Carve across the grain
Before you slice, look at the direction of the muscle fibres in the steak and cut at 90 degrees to them. Slicing with the grain leaves long strings of muscle and sinew that pull out of the sandwich when you bite. Thin cuts across the grain shorten those fibres so the pieces bite through cleanly.
Storage
The sandwich is best eaten straight away while the onion rings are still crisp. The components store separately. Romesco keeps in an airtight container in the fridge for up to 5 days, or in the freezer for a month. Cooked steak keeps in the fridge for 3 days, wrapped tightly. Onion rings don’t keep well: reheat any leftovers in a hot oven or air fryer at 200°C (390°F) for 3 to 4 minutes to bring the crispness back. Assembled sandwiches don’t store, the bread will go soggy.
FAQs
Can I use a different cut of steak? Yes. Sirloin and New York strip are my top picks because the fat-to-lean ratio works well in a sandwich, but rib-eye, flank or flat iron also work. Avoid anything too lean like eye fillet, you’ll lose the flavour the sauce is built around. Whatever cut you use, the principles are the same: cook to medium-rare, rest properly, and slice thinly across the grain.
Do I have to make the romesco from scratch? Homemade is worth it because the nutty, acidic punch is what makes this sandwich sing. If you’re tight on time, a good quality jarred romesco from the deli or Spanish section of the supermarket will do the job. Blend it with a splash of extra virgin olive oil and red wine vinegar to freshen it up before spreading.

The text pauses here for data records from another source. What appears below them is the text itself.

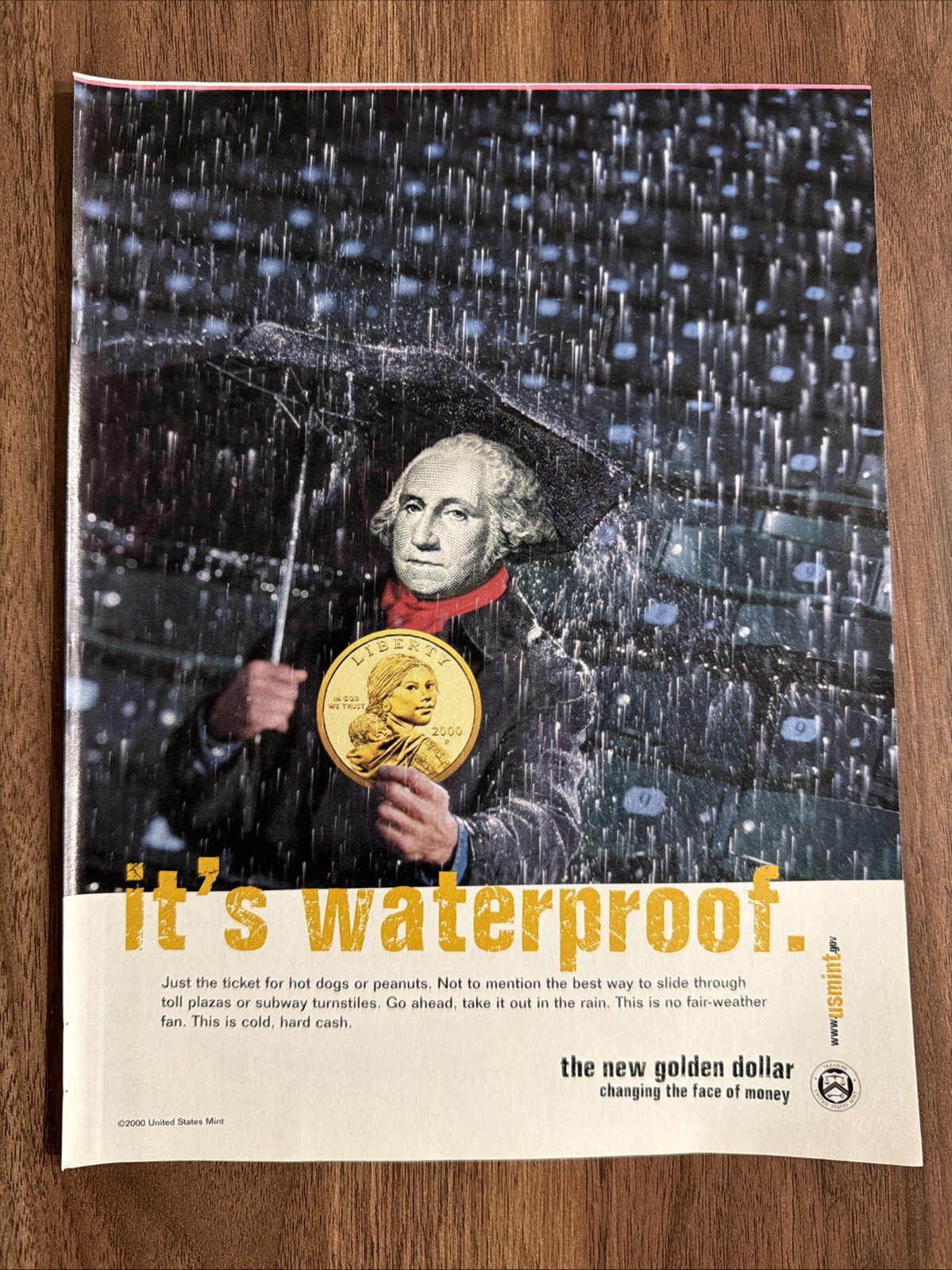 United States Mint Print Ad New Golden Dollar It’s Waterproof George Washington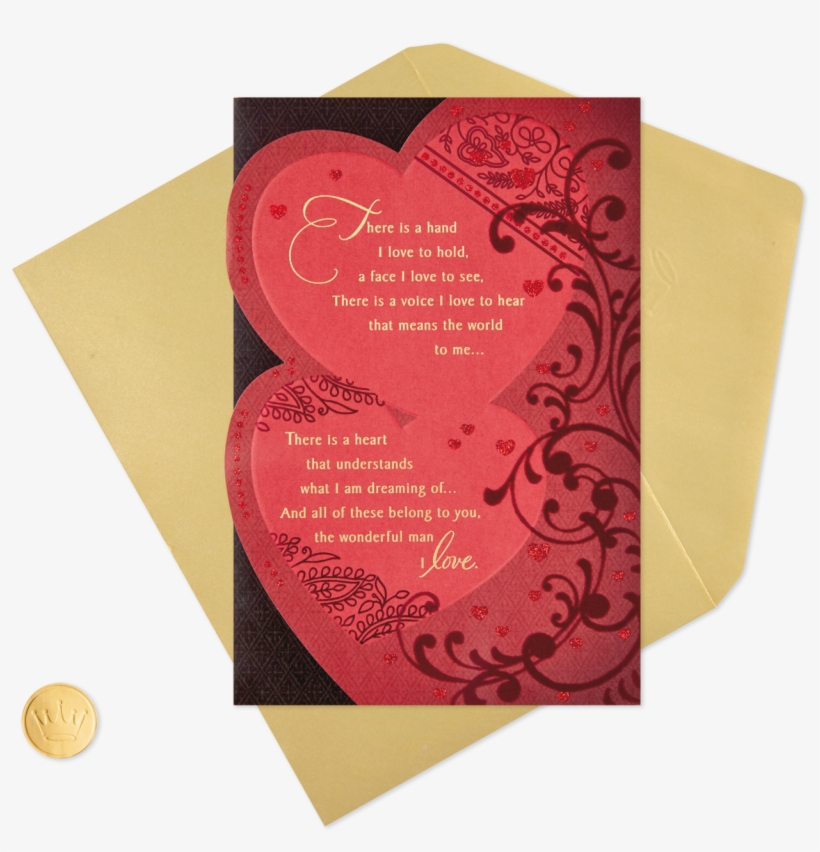 Two Hearts With Lace Valentine's Day Card For Husband - Envelope, transparent png download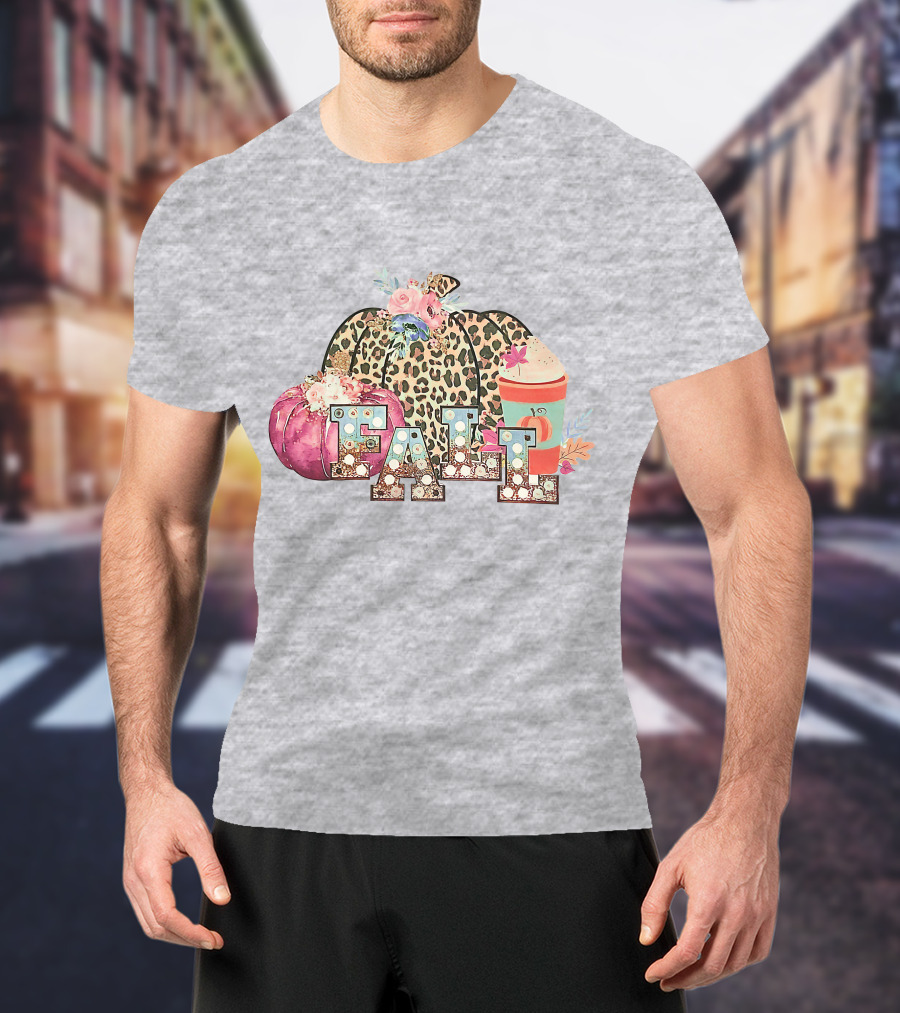 FALL Leopard Print Pumpkin With Coffee Latte And Flowers T-Shirt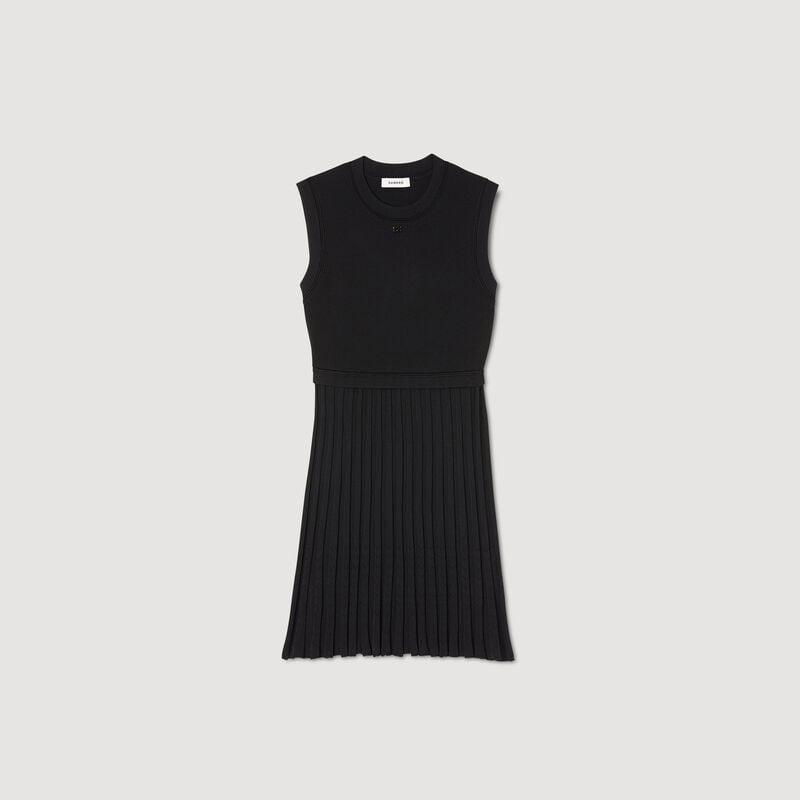 Black pleated knit dress with a ribbed collar by SANDRO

Can I shallow fry the onion rings instead of deep frying? You can, but they won’t get the same even crispness. If you’re shallow frying, use about 2cm (½ inch) of oil in a wide pan and turn the rings halfway through so both sides get colour. Deep frying is the easier way to get them crisp all the way round.
What can I use instead of besan flour? A 50/50 mix of plain flour and cornflour is the closest swap. The result won’t be quite as nutty in flavour, but it will still give you a crisp batter. Don’t use plain flour on its own, it won’t have the same crunch when it fries.